La Contribution Sociale Généralisée (CSG) représente un poste important des prélèvements sociaux appliqués aux pensions de retraite. Pour les 13 millions d’affiliés au régime Agirc-Arrco, une vigilance particulière s’impose actuellement concernant le taux appliqué. Une mise à jour est en cours, et certains retraités doivent impérativement agir pour éviter des désagréments financiers.
Impact des prélèvements sociaux sur la retraite Agirc-Arrco
Les retraités du secteur privé affiliés à l’Agirc-Arrco constatent chaque mois une différence entre le montant brut annoncé et la somme effectivement versée. Cette disparité s’explique par l’application de divers prélèvements sociaux obligatoires. Parmi eux, la cotisation d’assurance maladie fixée à 1% pour les résidents métropolitains et 4,2% pour les expatriés constitue un premier poste.
S’ajoutent ensuite la Contribution au Remboursement de la Dette Sociale (CRDS) au taux de 0,5% et la Contribution Additionnelle de Solidarité pour l’Autonomie (CASA) fixée à 0,3%. Mais c’est surtout la CSG qui retient l’attention puisqu’elle varie selon quatre taux possibles : 0%, 3,8%, 6,6% ou 8,3%, déterminés en fonction de la situation fiscale personnelle du retraité.
Chaque année, le mois de mars marque traditionnellement la période de mise à jour de ce taux. En fonction de l’évolution des revenus du foyer fiscal, le prélèvement peut augmenter ou diminuer, modifiant directement le montant net perçu. Cette actualisation, normalement automatique, repose sur la transmission d’informations entre les caisses d’assurance vieillesse et le régime complémentaire, sans démarche particulière du retraité.
Alerte aux retraités concernés par une révision de taux
Depuis le 25 mars dernier, l’Agirc-Arrco a entamé une vaste campagne d’information auprès de certains assurés. Des courriers individuels ont été adressés aux retraités dont les dossiers n’ont pas pu bénéficier de la mise à jour automatique du taux de CSG. Cette situation exceptionnelle nécessite une intervention du bénéficiaire pour régulariser sa situation.
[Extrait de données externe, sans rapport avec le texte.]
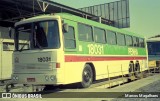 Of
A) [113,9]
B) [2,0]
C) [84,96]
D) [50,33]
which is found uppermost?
[113,9]

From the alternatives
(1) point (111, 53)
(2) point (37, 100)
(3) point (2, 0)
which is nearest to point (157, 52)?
(1) point (111, 53)

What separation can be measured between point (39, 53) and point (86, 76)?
2826 millimetres

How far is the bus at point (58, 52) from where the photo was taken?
11337 mm

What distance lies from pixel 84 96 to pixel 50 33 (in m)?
2.83

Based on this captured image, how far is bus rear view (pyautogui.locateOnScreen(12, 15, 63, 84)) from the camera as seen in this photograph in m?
11.3

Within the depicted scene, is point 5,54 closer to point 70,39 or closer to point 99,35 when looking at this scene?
point 99,35

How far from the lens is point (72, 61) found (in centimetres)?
1214

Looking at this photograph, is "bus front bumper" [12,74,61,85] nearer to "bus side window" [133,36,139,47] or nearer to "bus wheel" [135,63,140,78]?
"bus wheel" [135,63,140,78]

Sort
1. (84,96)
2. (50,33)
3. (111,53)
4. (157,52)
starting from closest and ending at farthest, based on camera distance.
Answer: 1. (84,96)
2. (50,33)
3. (111,53)
4. (157,52)

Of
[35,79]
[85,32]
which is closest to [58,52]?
[35,79]

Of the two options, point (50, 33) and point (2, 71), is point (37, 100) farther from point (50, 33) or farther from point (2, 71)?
point (2, 71)

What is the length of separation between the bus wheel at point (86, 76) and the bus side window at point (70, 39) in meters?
1.53

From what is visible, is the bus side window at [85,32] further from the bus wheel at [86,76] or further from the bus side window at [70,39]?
the bus wheel at [86,76]

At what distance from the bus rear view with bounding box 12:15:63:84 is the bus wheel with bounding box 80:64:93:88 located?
2.04 metres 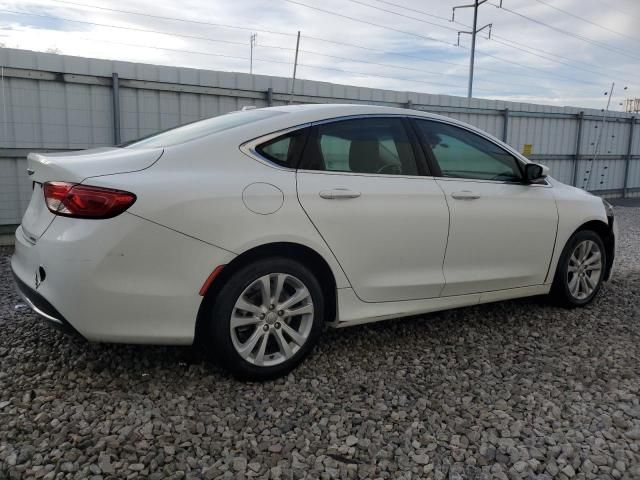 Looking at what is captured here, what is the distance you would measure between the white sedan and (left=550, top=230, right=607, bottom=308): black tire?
42 cm

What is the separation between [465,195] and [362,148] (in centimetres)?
79

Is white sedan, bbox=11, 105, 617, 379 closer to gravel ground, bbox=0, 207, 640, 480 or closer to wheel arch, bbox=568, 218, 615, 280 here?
gravel ground, bbox=0, 207, 640, 480

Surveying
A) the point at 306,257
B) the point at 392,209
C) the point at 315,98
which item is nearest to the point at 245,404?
the point at 306,257

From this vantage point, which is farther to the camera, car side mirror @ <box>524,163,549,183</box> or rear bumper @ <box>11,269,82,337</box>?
car side mirror @ <box>524,163,549,183</box>

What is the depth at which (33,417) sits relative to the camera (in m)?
2.54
Le courrier demande explicitement la transmission du dernier avis d’imposition, celui de 2024 sur les revenus de 2023. Ce document essentiel permet au régime de calculer précisément le taux de CSG applicable selon les revenus fiscaux de référence. L’enjeu est important : sans cette régularisation, le retraité s’expose au risque de percevoir une pension minorée si le taux appliqué est supérieur à celui correspondant à sa situation réelle.
À l’inverse, l’application d’un taux inférieur générera un trop-perçu, créant une dette que le retraité devra rembourser ultérieurement. Face à la revalorisation limitée à 0,8% des retraites en 2025, cette vigilance sur le taux de CSG devient encore plus cruciale pour préserver son pouvoir d’achat.
Démarches à entreprendre pour régulariser sa situation
Les retraités ayant reçu la notification doivent impérativement envoyer leur avis d’imposition à l’adresse indiquée dans le courrier. Cette campagne se poursuivra jusqu’au 14 avril 2025. Passé ce délai, les dossiers non régularisés conserveront leur configuration actuelle, avec les risques financiers associés.
Pour les assurés n’ayant pas reçu de courrier, cela signifie généralement que leur dossier a déjà fait l’objet d’une mise à jour automatique. En revanche, par prudence, il reste recommandé de vérifier sa situation en consultant son espace personnel sur le site de l’Agirc-Arrco. Ce portail permet d’accéder aux décomptes de paiement qui mentionnent clairement le taux de CSG appliqué.
En cas de doute persistant, contacter directement sa caisse de retraite complémentaire reste la solution la plus sûre. Être proactif dans cette démarche permet d’éviter des surprises désagréables sur les versements à venir et de s’assurer que le taux appliqué correspond bien à la situation fiscale actuelle du retraité.